Serious Eats - seriouseats.com
Cook the Book: Creamy Tomato Soup
Whether you're bearing bitter cold times or basking in sunny California—nothing screams comfort food like tomato soup and grilled cheese. So if you're looking for Cozy In a Cup to take the bite off a long day (freezing or not), skip the canned condensed stuff, and check out the creamy tomato soup recipe from The Martha Stewart Living Cookbook: The Original Classics. It's a simple recipe that would go great with the macaroni and cheese recipe from earlier in the week or its irresistibly buttery, gooey best friend: grilled cheese. Lately, I've been experimenting with floating a slice of crusty bread covered in melted cheese atop the soup (making it French Onion Soup's crazy cousin) with slurptastic success.
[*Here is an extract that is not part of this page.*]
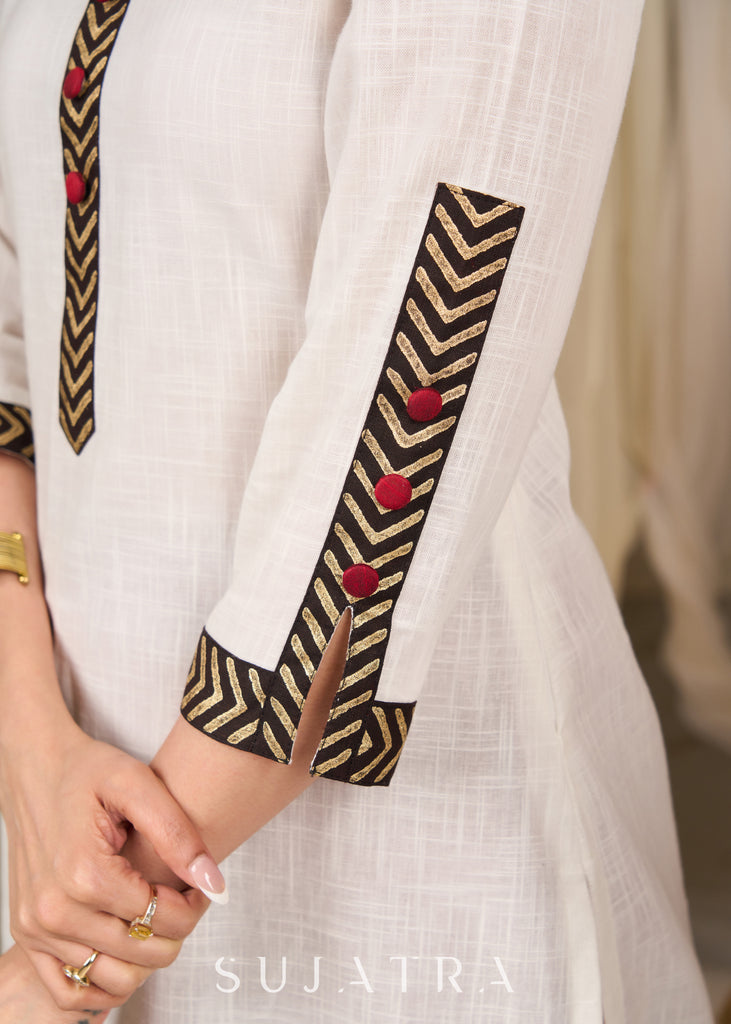 Graceful white cotton kurta with bold chevron block prints and intricate detailing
Cook the Book: Creamy Tomato Soup
About This Recipe
| Yield: | 3 quarts |
Ingredients
- 2 tablespoons unsalted butter
- 1 medium onion, finely chopped
- 3 garlic cloves, minced
- 3 26 1/2-ounce boxes vacuum-packed crushed tomatoes, or 10 cups canned crushed tomatoes
- 5 1/4 cups Homemade Chicken Stock, or low-sodium store-bought chicken broth, skimmed of fat
- 3 sprigs fresh oregano, plus more for garnish
- 1/2 cup half-and-half
- Kosher salt and freshly ground black pepper
Procedures
-
1
Melt the butter in a medium saucepan over medium-low heat. Add the onion and garlic, and cook, stirring, until translucent, about 8 minutes.
-
2
Add the tomatoes, stock, and oregano; cover, and bring to a boil. Reduce heat, and simmer gently, unĀcovered, until thickened, about 45 minutes. Remove the oregano sprigs.
-
3
Slowly add the half-and-half, stirring constantly. Season with salt and pepper. Garnish with oregano. Serve hot.